Data extracts ▸
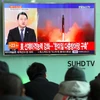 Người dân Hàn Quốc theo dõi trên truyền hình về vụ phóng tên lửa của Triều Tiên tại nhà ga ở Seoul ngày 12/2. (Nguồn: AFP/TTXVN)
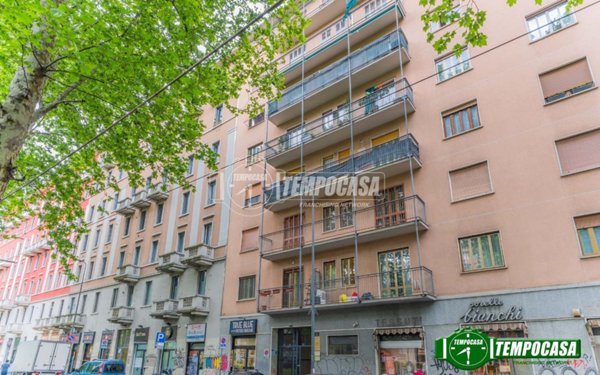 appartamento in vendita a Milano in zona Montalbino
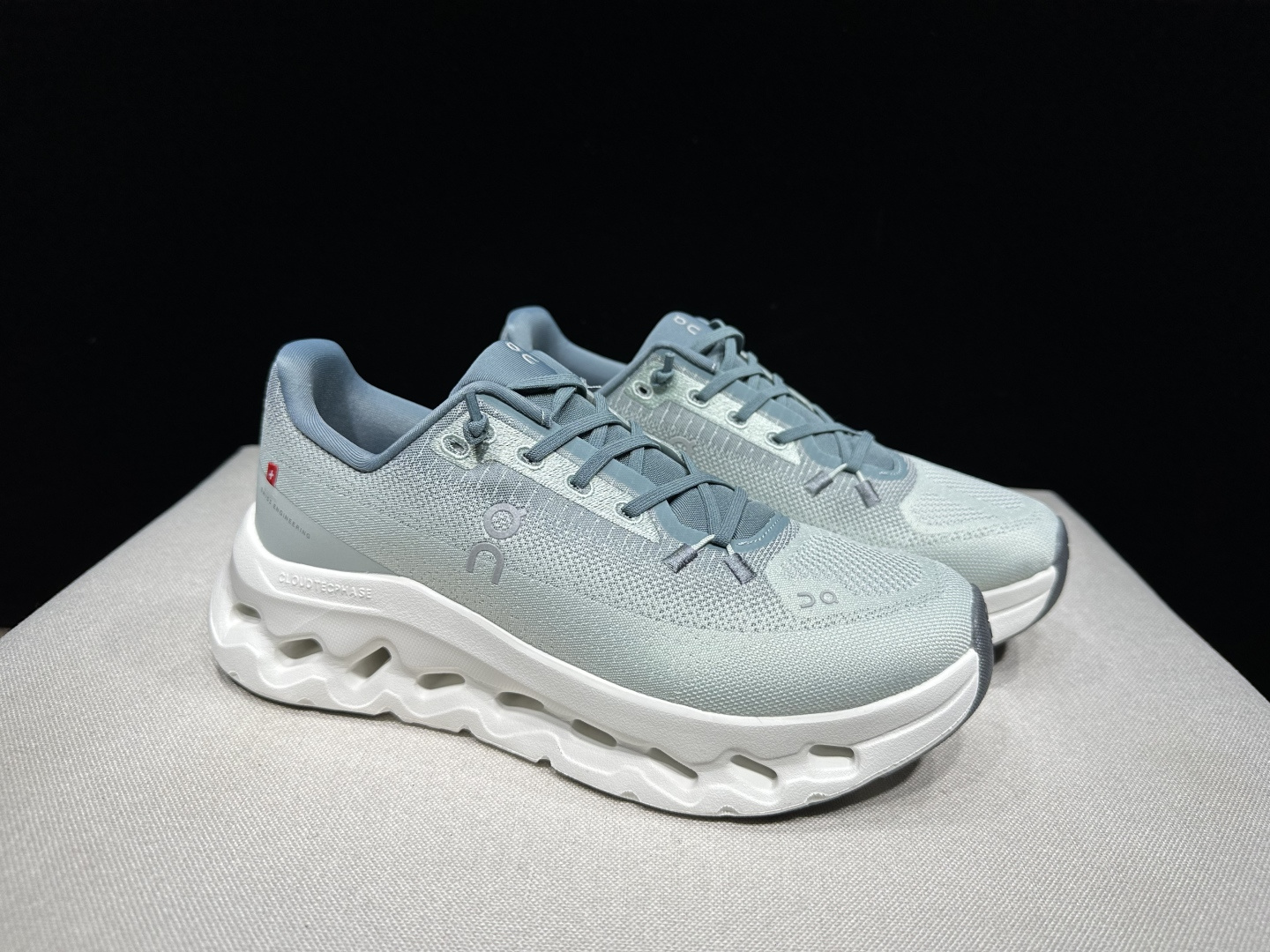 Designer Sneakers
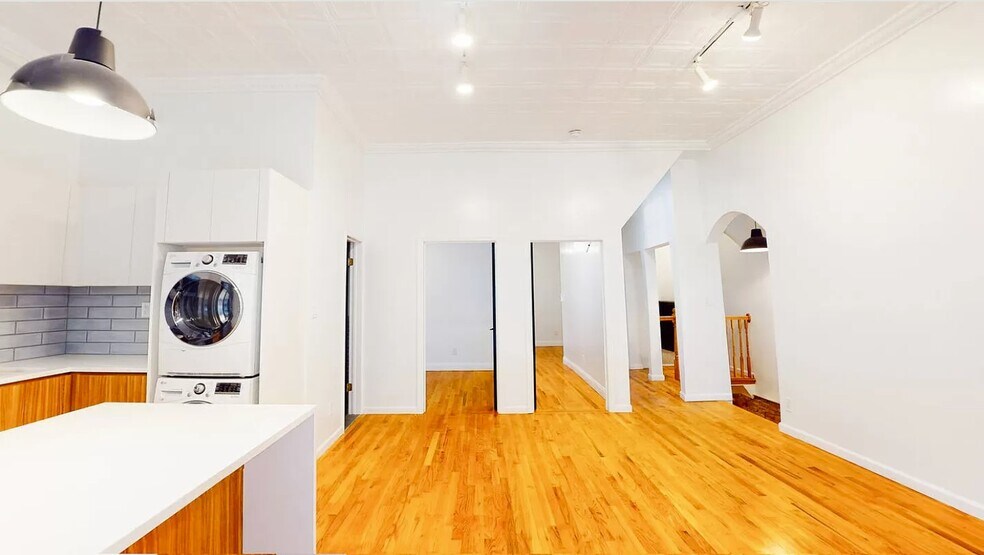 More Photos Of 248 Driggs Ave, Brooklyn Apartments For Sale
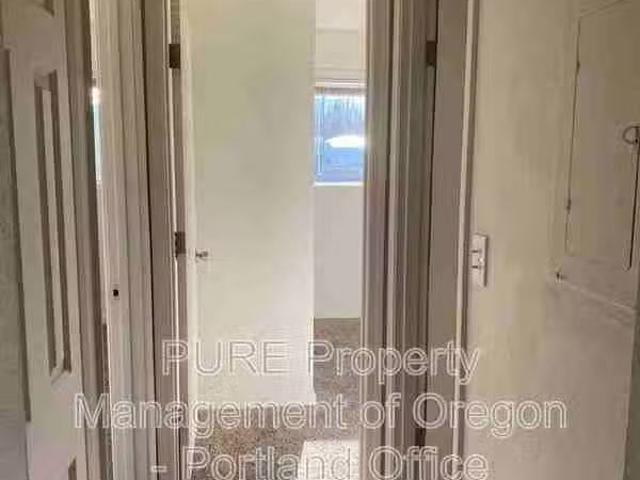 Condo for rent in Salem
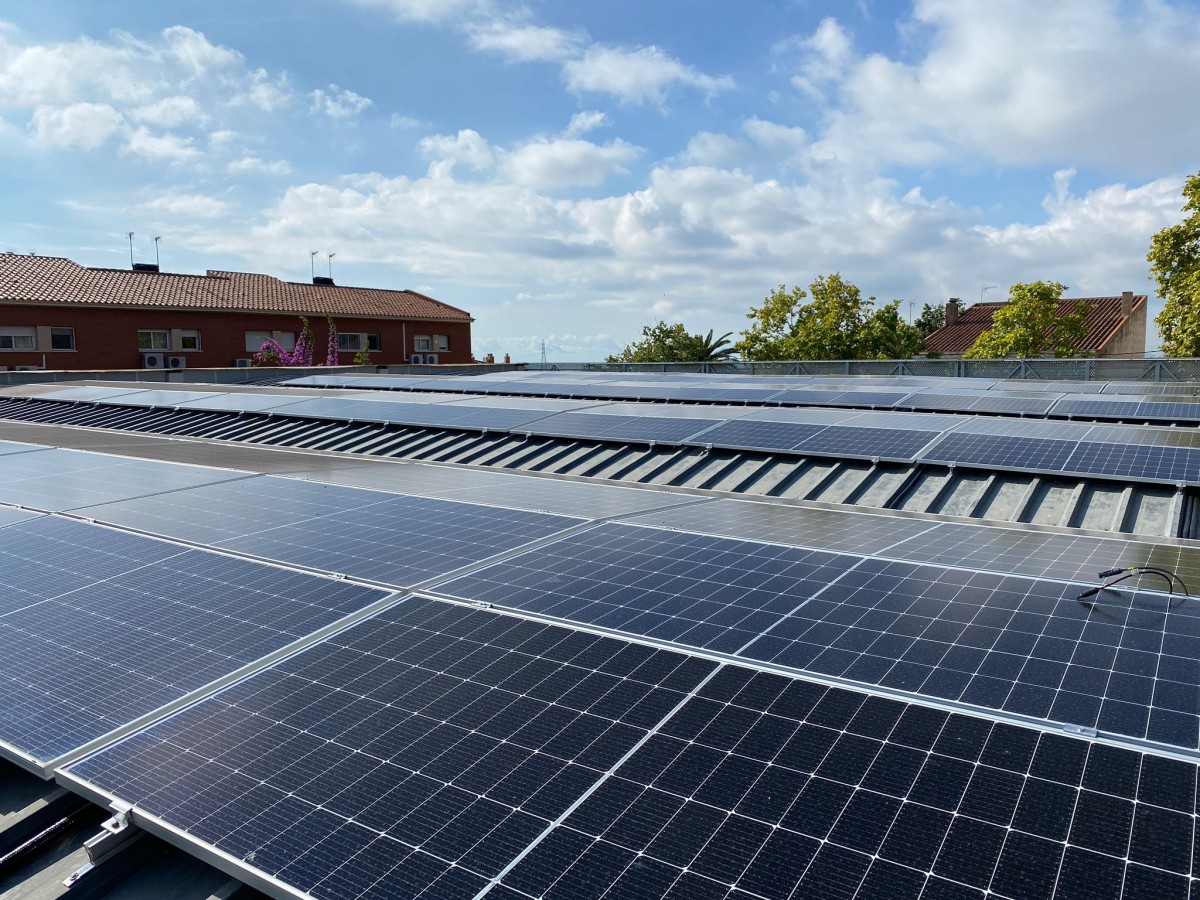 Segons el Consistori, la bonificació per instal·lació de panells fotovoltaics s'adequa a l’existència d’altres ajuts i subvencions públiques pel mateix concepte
...
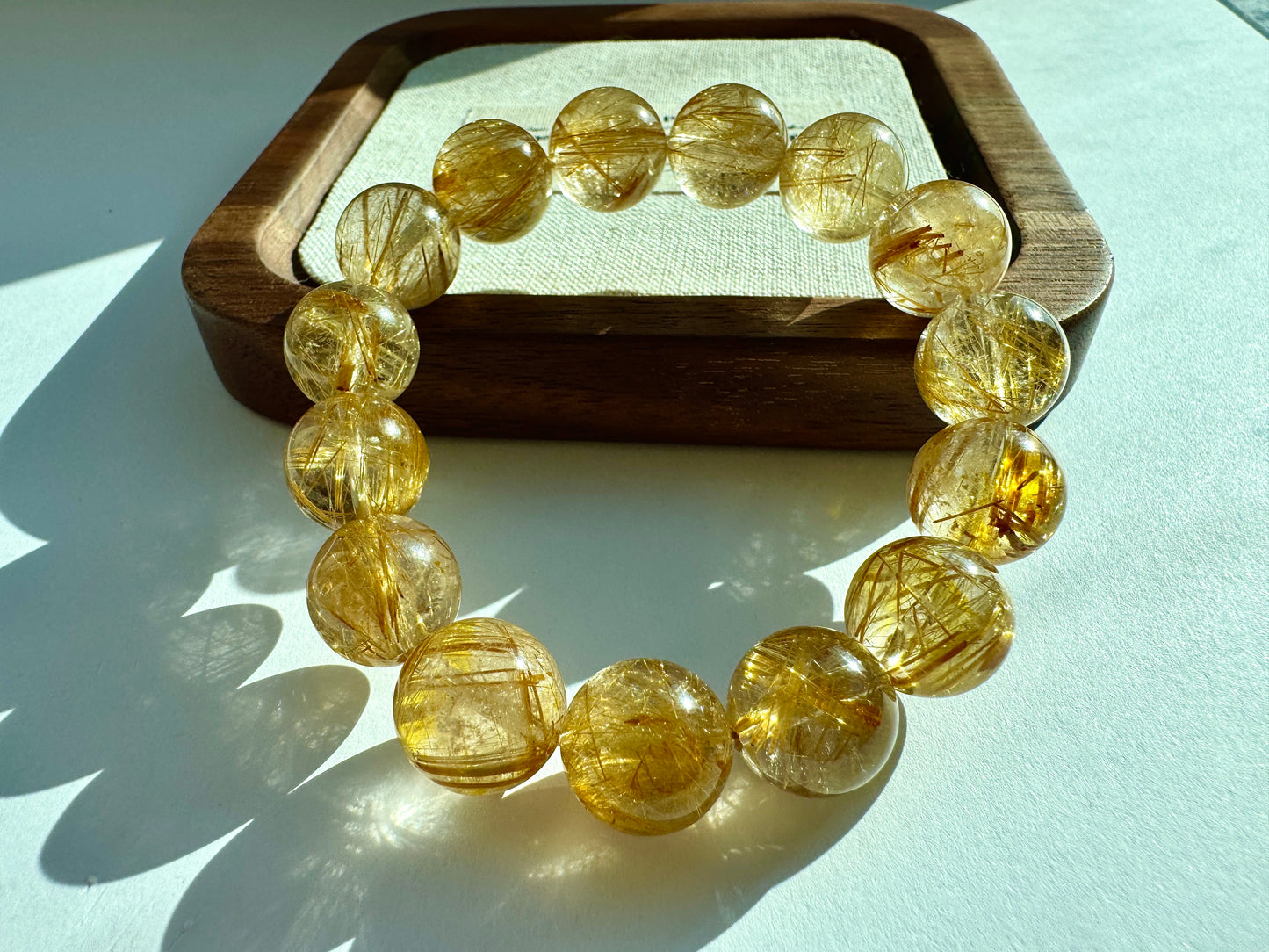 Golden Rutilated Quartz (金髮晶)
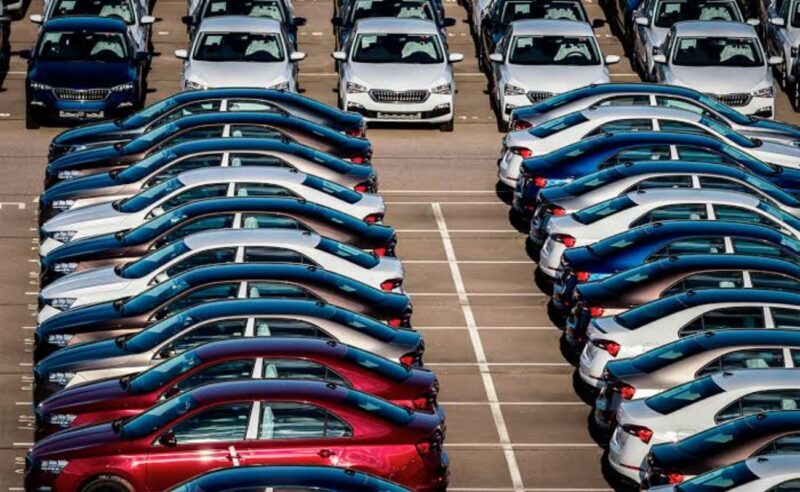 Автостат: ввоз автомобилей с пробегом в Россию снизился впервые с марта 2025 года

Activity ▸ Which part of the entries opens with the line containing "Designer Sneakers" and closes with the line containing "Segons el Consistori, la"? Output that part exactly, ends included, pictures excluded.

Solution to this exercise ▸
 Designer Sneakers
 More Photos Of 248 Driggs Ave, Brooklyn Apartments For Sale
 Condo for rent in Salem
 Segons el Consistori, la bonificació per instal·lació de panells fotovoltaics s'adequa a l’existència d’altres ajuts i subvencions públiques pel mateix concepte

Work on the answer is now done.